DATA SHOWN.
++++++++++++++++++++
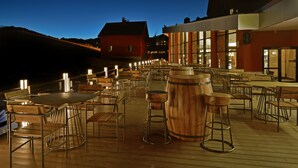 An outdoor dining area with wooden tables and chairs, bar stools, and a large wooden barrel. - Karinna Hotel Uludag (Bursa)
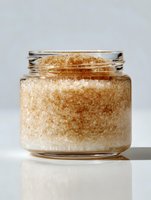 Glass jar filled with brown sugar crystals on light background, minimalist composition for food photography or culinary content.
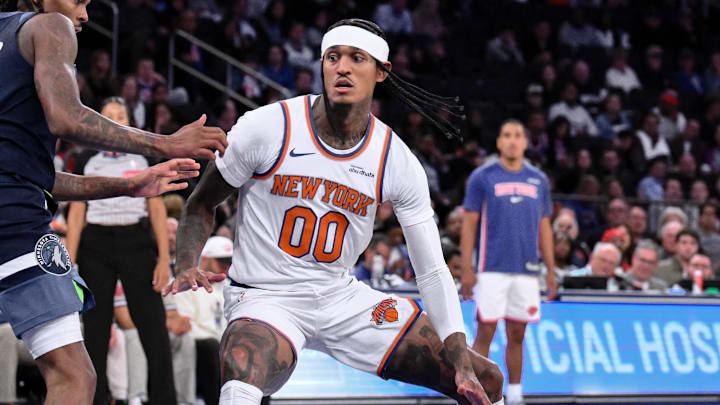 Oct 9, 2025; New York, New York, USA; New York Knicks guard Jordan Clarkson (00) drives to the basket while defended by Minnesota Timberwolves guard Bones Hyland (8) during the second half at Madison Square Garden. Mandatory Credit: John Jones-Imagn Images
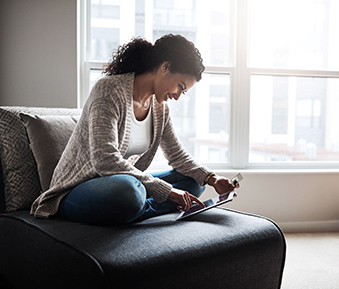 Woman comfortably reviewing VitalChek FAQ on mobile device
++++++++++++++++++++
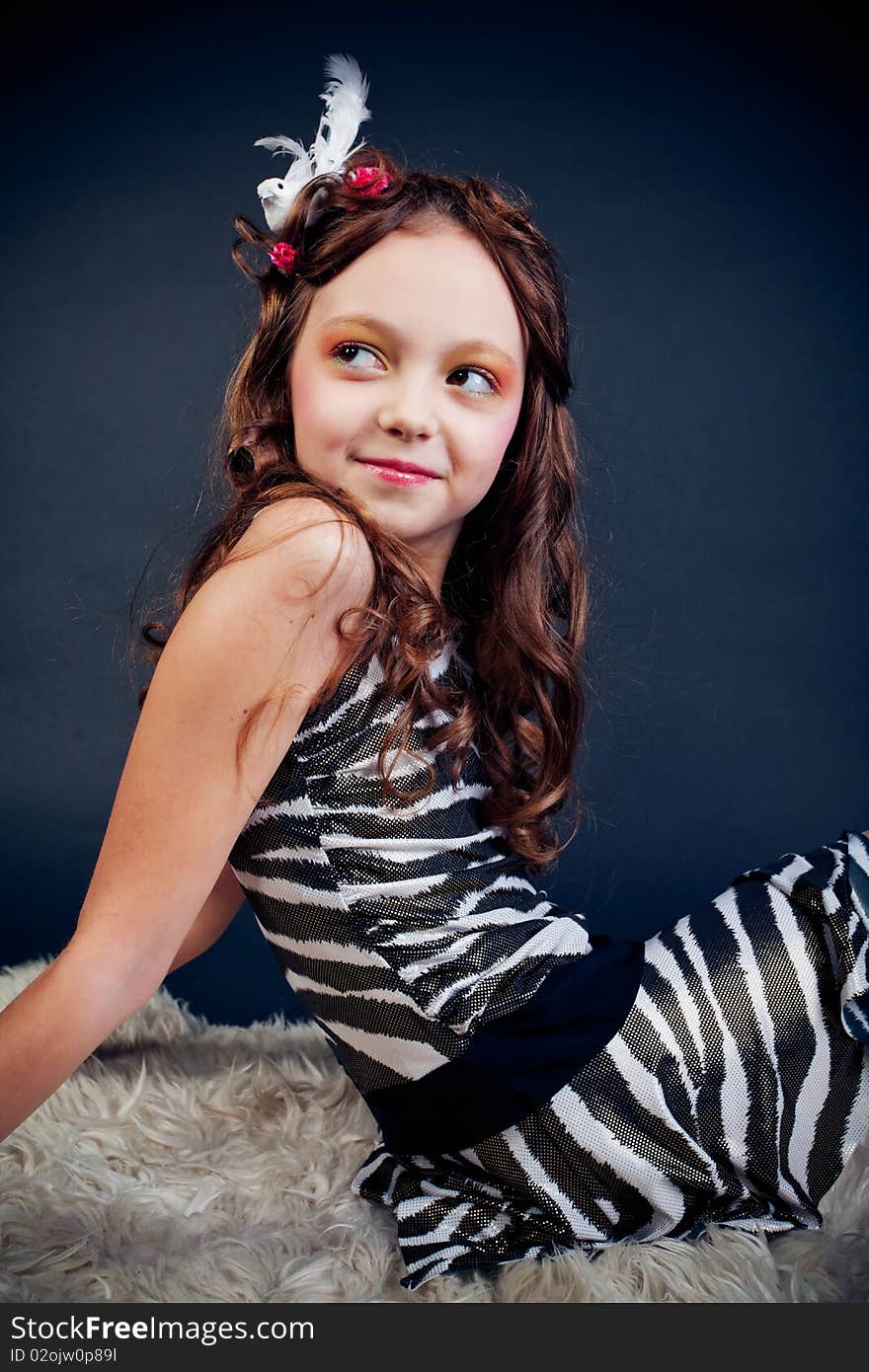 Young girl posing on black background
++++++++++++++++++++
WHAT YOU WILL DO.
Pictures are to be left out. Write out only the lines above starting at the one with "An outdoor dining" and ending at the one with "Oct 9, 2025;", both lines included, exactly.

WRITTEN RESPONSE.
 An outdoor dining area with wooden tables and chairs, bar stools, and a large wooden barrel. - Karinna Hotel Uludag (Bursa)
 Glass jar filled with brown sugar crystals on light background, minimalist composition for food photography or culinary content.
 Oct 9, 2025; New York, New York, USA; New York Knicks guard Jordan Clarkson (00) drives to the basket while defended by Minnesota Timberwolves guard Bones Hyland (8) during the second half at Madison Square Garden. Mandatory Credit: John Jones-Imagn Images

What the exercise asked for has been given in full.